Yes — the rule explicitly extends to correctional agencies, reflecting years of complaints from prison officials about drones smuggling contraband over facility walls.
Is this permanent?
It's in effect now as an Interim Final Rule, but the public comment period running through early September means DHS and DOJ could still revise specific provisions before the framework is finalized.
What happens if an agency uses mitigation tech without the Redstone Arsenal certification?

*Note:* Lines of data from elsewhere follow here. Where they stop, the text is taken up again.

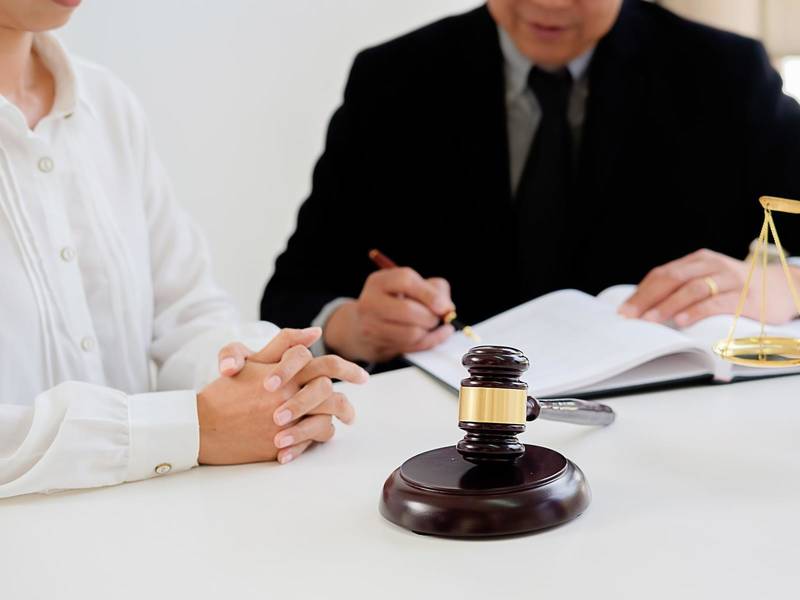 上海劳动仲裁律师视角：劳动仲裁期限的确定及多面考量
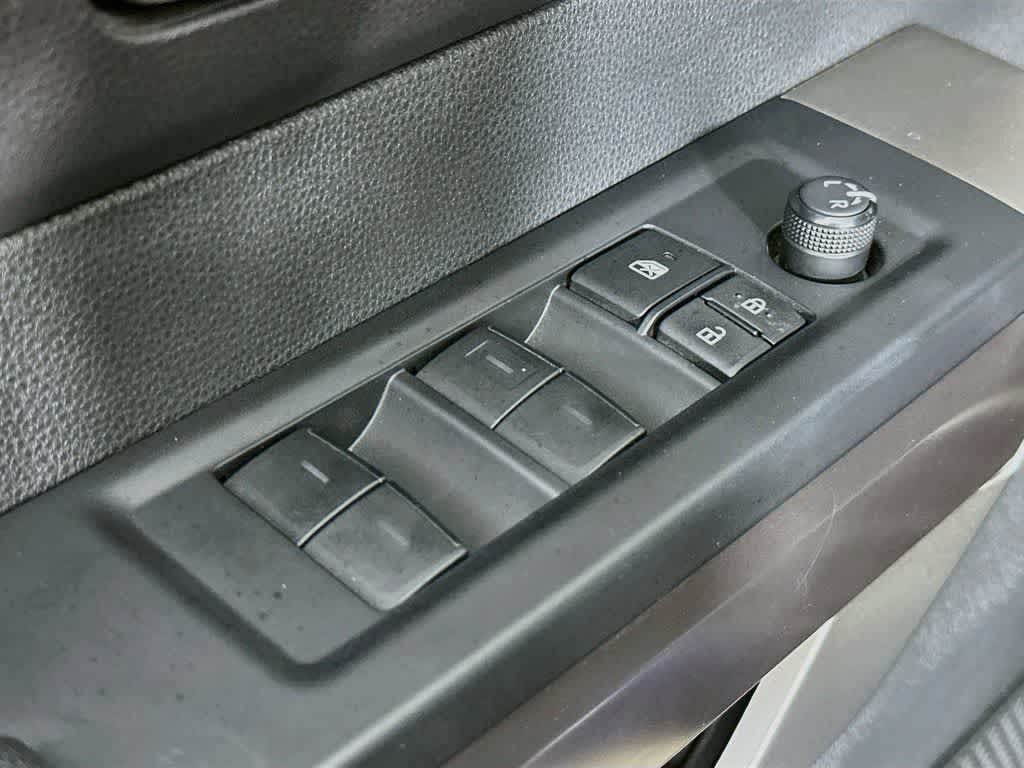 Toyota Tundra SR5 2024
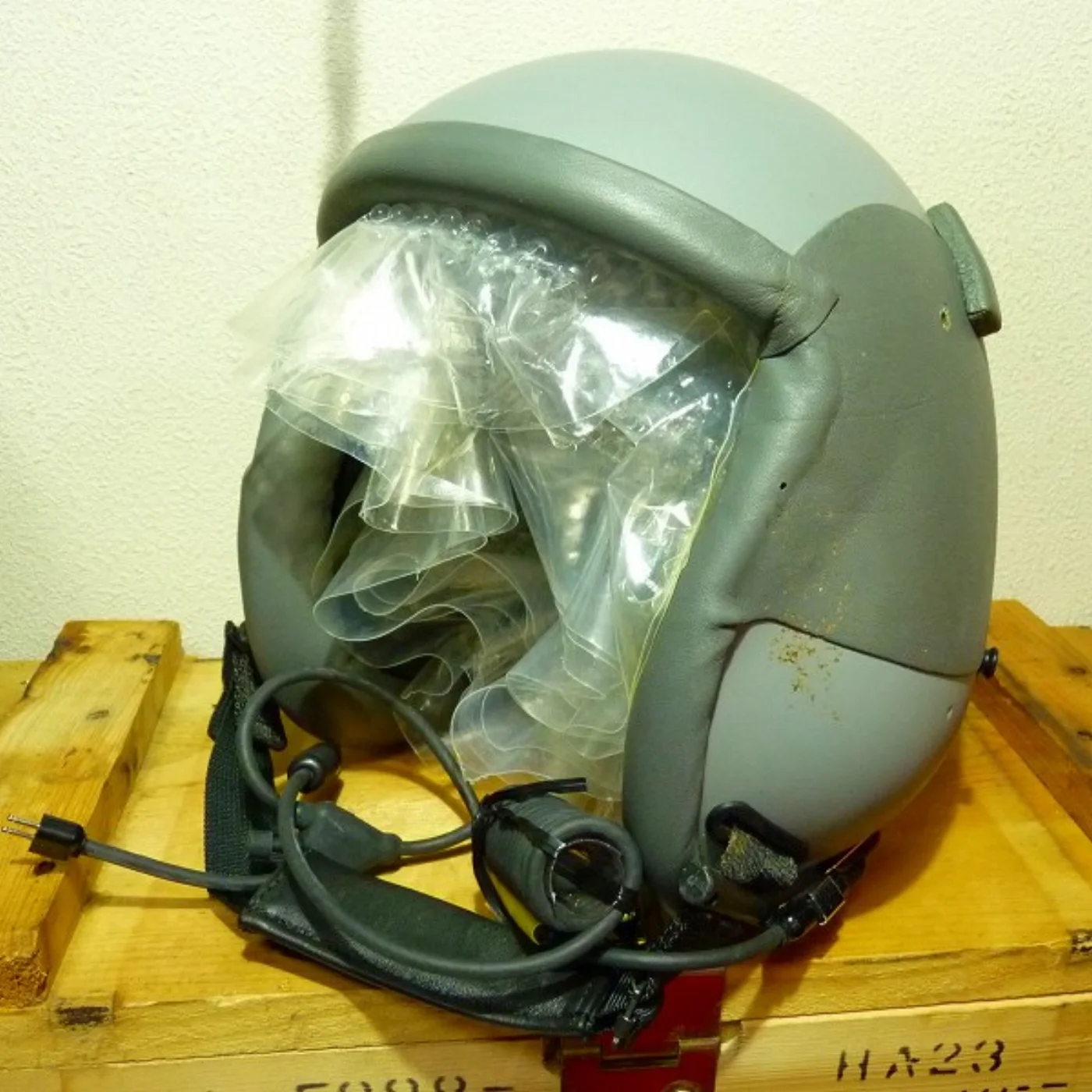 ミリタリーショップ 南国百貨店.COM|沖縄 HGU-55/P 中古 パイロット用ヘルメット（クリアバイザー付き） [Q 記録写真2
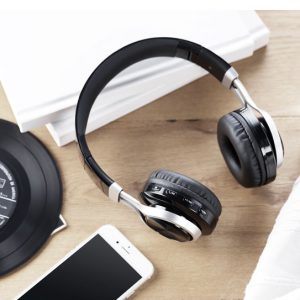 Kuulokkeet ja kaiuttimet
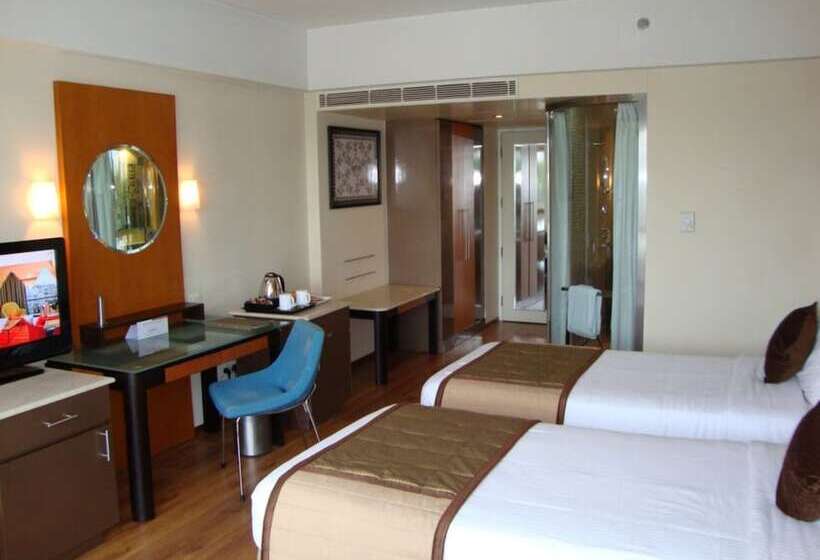 اتاق پرمیوم, The Golkonda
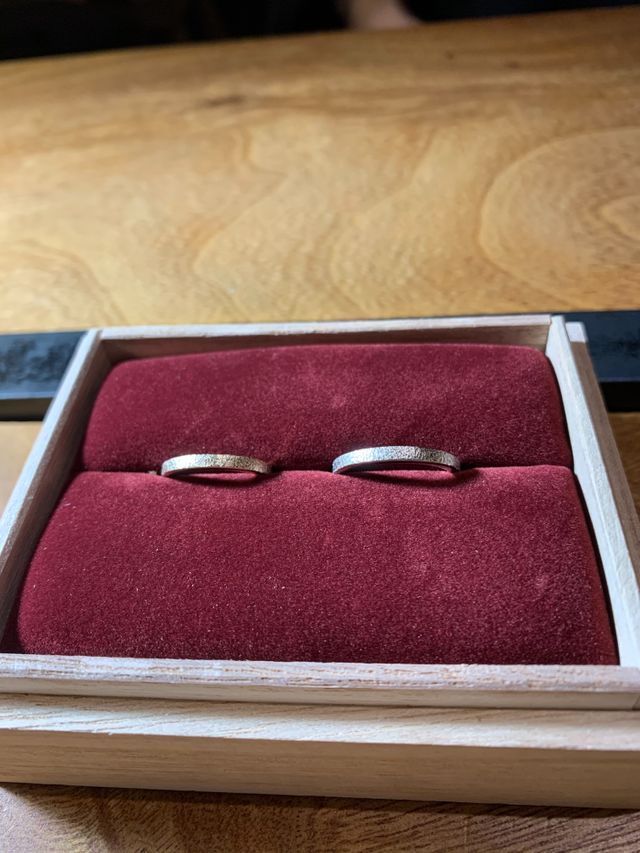 相手と私の意見をどちらも取り入れて表面石地でサイドは磨き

The rule establishes a general civil-penalty framework — a fine of up to $100,000 per violation and suspension of an agency's C-UAS authority pending review by the Attorney General or the Secretary of Homeland Security — for agencies that act without the federal coordination the rule requires. The Federal Register notice does not spell out a penalty specifically calibrated to uncertified personnel operating mitigation equipment as its own distinct violation category.
Why It Matters
This is the most significant expansion of domestic counter-drone authority in years, and it changes the operating environment for anyone flying — commercial operators, hobbyists, first responders and bad actors alike. Until now, a rogue or malicious drone over a stadium, jail or public event was almost entirely a federal problem to solve, if it got solved at all, because local police lacked lawful tools to intervene. SAFER SKIES pushes that responsibility toward the agencies actually standing on the tarmac when it happens, but it does so through a deliberately narrow gate: certified personnel, listed hardware, spectrum coordination, and a residential FBI course for anyone authorized to actually take a drone down. For the UAS industry, the Authorized Technologies and Authorized Systems Lists are about to become a real commercial battleground — getting a product certified for local law enforcement use is now a distinct, FCC-adjacent regulatory track separate from ordinary FAA airworthiness or Part 107 compliance. For drone operators of every kind, the practical takeaway is that a wider range of agencies may soon have lawful means to detect and, in some cases, disable an aircraft — which raises the stakes for staying inside authorized airspace and, where applicable, Remote ID compliance. The 60-day comment window is the last formal opportunity for industry, civil liberties groups and public safety agencies to shape the final version of the rule before it hardens into settled law.